Male Birth Control Pills Show Promising Results in Recent Study
Several decades after women started taking "the Pill," a men's alternative might be on its way. A recent study found that when men took a trial pill every day for a month, the pill blocked sperm production while being safe for men.
The results were presented at the Endocrine Society in Chicago from research led by Dr. Stephanie Page with the University of Washington School of Medicine. The research team said that the pill in question -- dimethandrolone undecanoate (aka DMAU) -- reduced the testosterone and other hormones that spark sperm production.
"Our goal -- and everyone's goal in this field -- is to develop a method for men that has minimal side effects, and the holy grail would be to develop something that also has a health benefit for men," Page said.
How it Works
The pill includes a drug that serves as an androgen -- like testosterone -- and a progestin. Previous attempts at the male birth control pill have struggled, especially oral pills. Those drugs often leave the body quickly, which would mean men would have to take the pills twice daily in order to actually work.
"The only options currently available for men are vasectomy, condoms and coitus interruptus," Page said. "Forty percent of pregnancies worldwide are unplanned, so there's clearly an unmet need for novel contraceptives, and men have very few options."
However, Page noted at the conference that because of long-chain fatty acid molecules, testosterone is slowed enough to stay in the body for longer.
The study used 83 men aged 18 to 50 who randomly got one of three groups. They could either take a 100 mg, 200 mg or 400 mg dosage of the pill. After 28 days of taking the drug, testosterone dropped to "castrate levels" -- the ideal range of testosterone in the blood after either surgical or chemical castration. Those who took the 400 mg also had a drop in two hormones that regulated testosterone and sperm production.
"Normal testosterone in a man is anywhere from 350 to 1,100 nanograms per deciliter," said Dr. Seth Cohen, an assistant professor of urology at NYU Langone Health, who was not involved in the study. "And they got these guys down to 13 nanograms per deciliter."
According to Cohen, that low level would be found in a pre-pubescent boy or teenage girl -- not an adult male.
"Nine participants had decreased libido, which is not small," he said. "When you put that on a large, multimillion-person basis, you have a huge portion of men running around with very low libido."
A Future for Male Birth Control?
Page noted that this could be a discovery decades in the making, as birth control (outside of condoms) has largely been seen as a "women's issue." The more options that are available to men, the more willing they'd be to consider alternatives to traditional contraception.

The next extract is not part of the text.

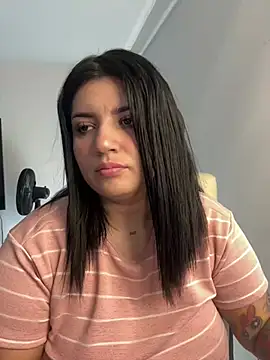 horny roomiess online show from January 11, 9:04 pm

"People have been working on male hormonal contraception for 40 to 50 years," Page said. "There are ways of delivering male contraceptives with long-acting implants and injections, but men are interested in having an oral pill available, and the work we presented here is a step forward."

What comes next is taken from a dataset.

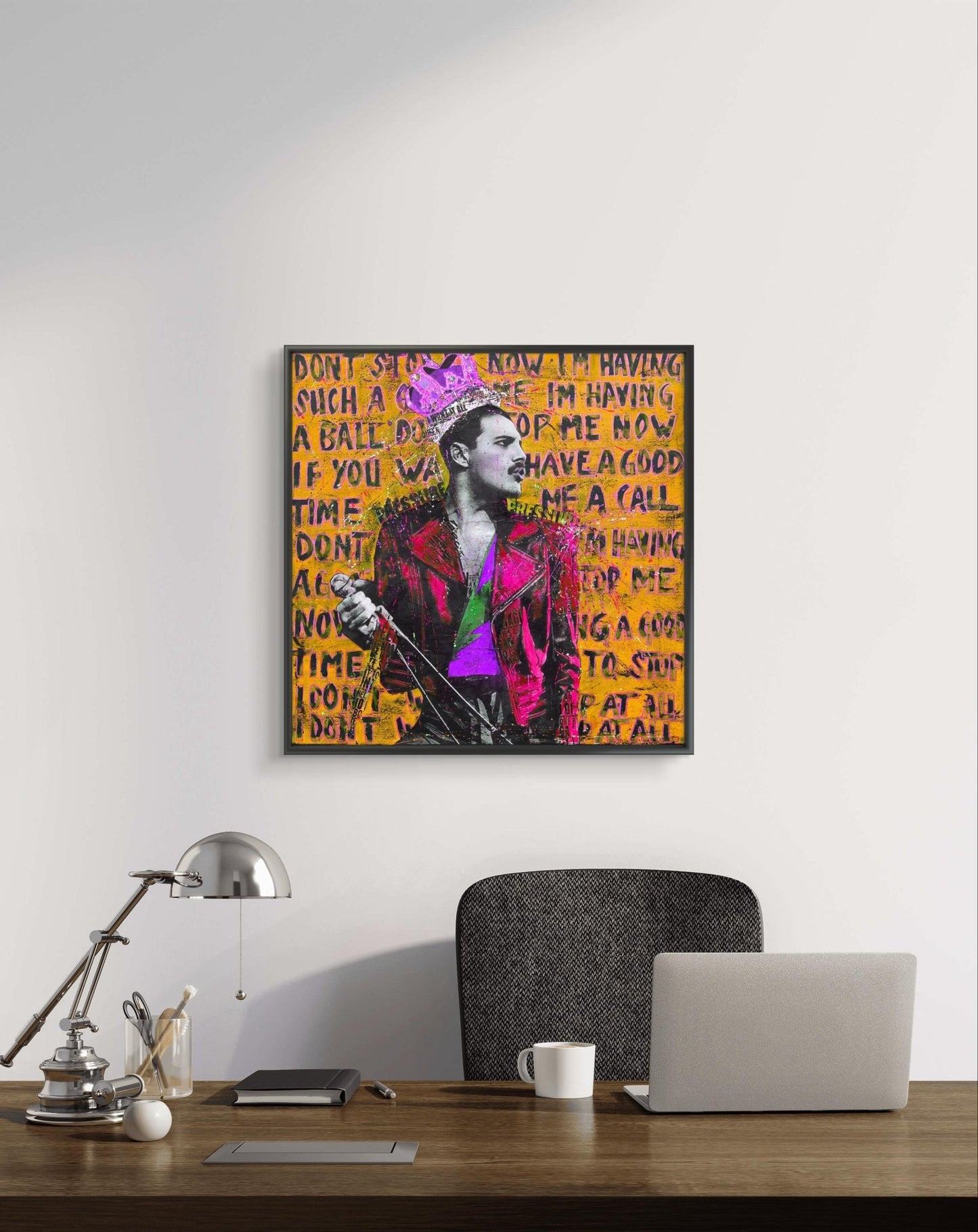 Bilde av Fru Bugge "DON´T STOP ME NOW 3" laget av Fru Bugge, popart kunst fra Galleri2b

But how does the pill avoid the side effects one would assume would come with such low testosterone levels? DMAU can successfully trick the body into thinking it has adequate testosterone. That's where the androgen-esque parts of the pill come into play, Page said.

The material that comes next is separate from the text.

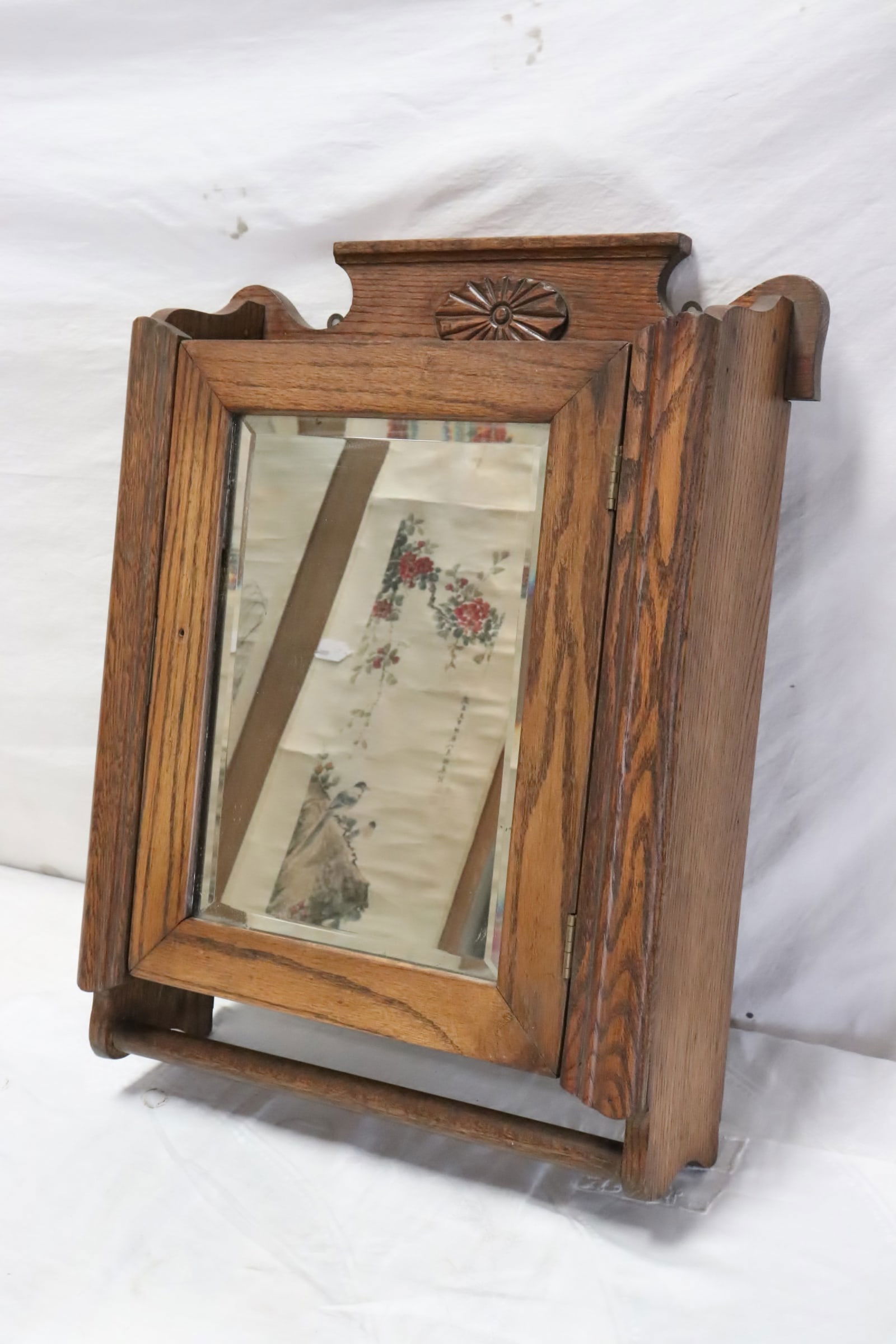 An oak wall hanging dressing cabinet (1 of 5)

"If you simply took the men's testosterone down to these low levels, they would absolutely have side effects. They would have hot flashes just like women do when they go through menopause, and they would have marked changes in sexual desire and function," she said.
"The very important point here is that despite having those low levels of testosterone, the steroid that is given in this prototyped male pill provides the androgen activity in the man in all the other parts of their body," Page added.
The study's 28 day timeframe makes it difficult to gauge long-term effects of using the pill. However, Page and her team remain satisfied with the results as they've determined a potentially safe dosage of the DMAU. Plus, this study could open up doors for future forays into a men's birth control pill and ultimately get it one step closer to a reality.
"The important next step is to show that this does in fact suppress the production of sperm, and that requires at least a three-month study, which we're going to be undertaking starting next month," Page added. "After that, we'll need longer-term studies to look in detail about fine-tuning any potential side effects and ultimately doing a study in couples that actually demonstrates that it works in a real-world use."